Don't all historians project their own prejudices? I doubt Dell is a candidate for sainthood, though she could well be better than most.
"Historians (e.g., Engerman and Sokolov) have long argued for the persistence of institutions and the “long shadow” of historical events on developing countries." - but (Wikipedia): "Fernand Braudel was a French historian and a leader of the Annales School" wrote about the 'heavy hand of history' about, what, seventy years ago? He just didn't juice it up with statistics. So reinvent the wheel, juice it with statistics, and win a prize, nice. That said, I think economic historians are more honest than macro historians and their bogus math models.

One benefit of Braudel's work is that it provides more color and perspective, not in a manipulative or ideological way, but to reduce the antiseptic or arid nature of so much economic history. That provides a little more context to readers of all stripes so that they might actually consider and reflect upon what those factors of production were doing with their lives. Reclaiming some notion of life beyond two dimensions would seem worthwhile even when standing at a chalkboard.

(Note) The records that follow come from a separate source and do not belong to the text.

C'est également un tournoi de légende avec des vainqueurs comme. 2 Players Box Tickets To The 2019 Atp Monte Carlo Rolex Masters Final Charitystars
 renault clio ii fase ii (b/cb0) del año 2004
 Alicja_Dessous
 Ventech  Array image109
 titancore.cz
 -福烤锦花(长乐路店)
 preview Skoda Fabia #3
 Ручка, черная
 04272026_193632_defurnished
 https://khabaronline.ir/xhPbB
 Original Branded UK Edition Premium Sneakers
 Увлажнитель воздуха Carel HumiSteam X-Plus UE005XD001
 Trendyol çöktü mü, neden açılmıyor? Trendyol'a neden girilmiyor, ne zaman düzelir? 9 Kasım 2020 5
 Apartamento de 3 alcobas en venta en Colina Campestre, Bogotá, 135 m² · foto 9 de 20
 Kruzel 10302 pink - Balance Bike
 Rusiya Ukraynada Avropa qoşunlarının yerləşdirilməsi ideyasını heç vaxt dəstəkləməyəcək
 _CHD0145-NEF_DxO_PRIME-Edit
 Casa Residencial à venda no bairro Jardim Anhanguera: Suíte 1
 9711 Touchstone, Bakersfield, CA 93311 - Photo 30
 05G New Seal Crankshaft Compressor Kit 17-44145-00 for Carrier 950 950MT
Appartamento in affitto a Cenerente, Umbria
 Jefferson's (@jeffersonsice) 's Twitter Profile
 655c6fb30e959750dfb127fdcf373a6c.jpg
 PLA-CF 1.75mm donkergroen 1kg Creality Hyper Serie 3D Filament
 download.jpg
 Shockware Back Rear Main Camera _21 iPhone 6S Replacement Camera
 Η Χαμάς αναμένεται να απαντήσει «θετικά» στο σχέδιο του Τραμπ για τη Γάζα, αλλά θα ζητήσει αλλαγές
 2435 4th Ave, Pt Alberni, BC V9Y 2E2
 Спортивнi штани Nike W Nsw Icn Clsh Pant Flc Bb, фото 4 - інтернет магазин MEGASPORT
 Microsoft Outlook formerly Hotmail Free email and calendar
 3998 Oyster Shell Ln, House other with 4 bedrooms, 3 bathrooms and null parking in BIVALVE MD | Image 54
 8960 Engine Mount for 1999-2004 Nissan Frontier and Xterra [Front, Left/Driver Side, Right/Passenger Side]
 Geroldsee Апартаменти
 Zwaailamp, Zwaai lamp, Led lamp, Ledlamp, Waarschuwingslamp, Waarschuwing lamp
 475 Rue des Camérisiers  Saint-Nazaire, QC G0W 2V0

Good work. The fact that so many of the differences in people’s life outcomes today is explained by what other people did hundreds of years ago ought to really make people reconsider any political philosophy based on the idea that the world is basically just.

Yep. Faulkner was right: "The past is never dead. It isn't even past."

In economics terms, does Dell's work fall under the category of new institutional econ, or are there different mechanisms by which she sees history mattering?

Well, maybe she's right, maybe she isn't. There are counterexamples to her claims.

What political philosophy doesn't assume actions have consequences? What political philosophies are you implying are faulty, and which ones not, by your sudden discovery that bad things have happened in the past? Are you using John Rawls' theory of justice or Ayn Rand's?

Explains Puerto Rico, Venezuela, Mexico, Honduras, and Guatemala.. Also explains our state system.

I remember when she ripped into the Rhodes Scholarship, saying it sucked in a Harvard Crimson editorial. Harvard gave her a ton of sh$t for that.

I just looked at the alma maters of past winners of this "award", and it doesn't pass the Circle-Jerk test or even come close to it. It's like the Supreme Court. You narrow the candidates down to a few universities and pick from this list. One of my favorite economic historians is Ronnie J. Philips, alma mater University Of Texas. He wouldn't have had a chance getting this "Medal" even if he was Godel. Please stop giving each other awards. You embarrass yourselves.

Roland Fryer - Penn State. But your point is taken.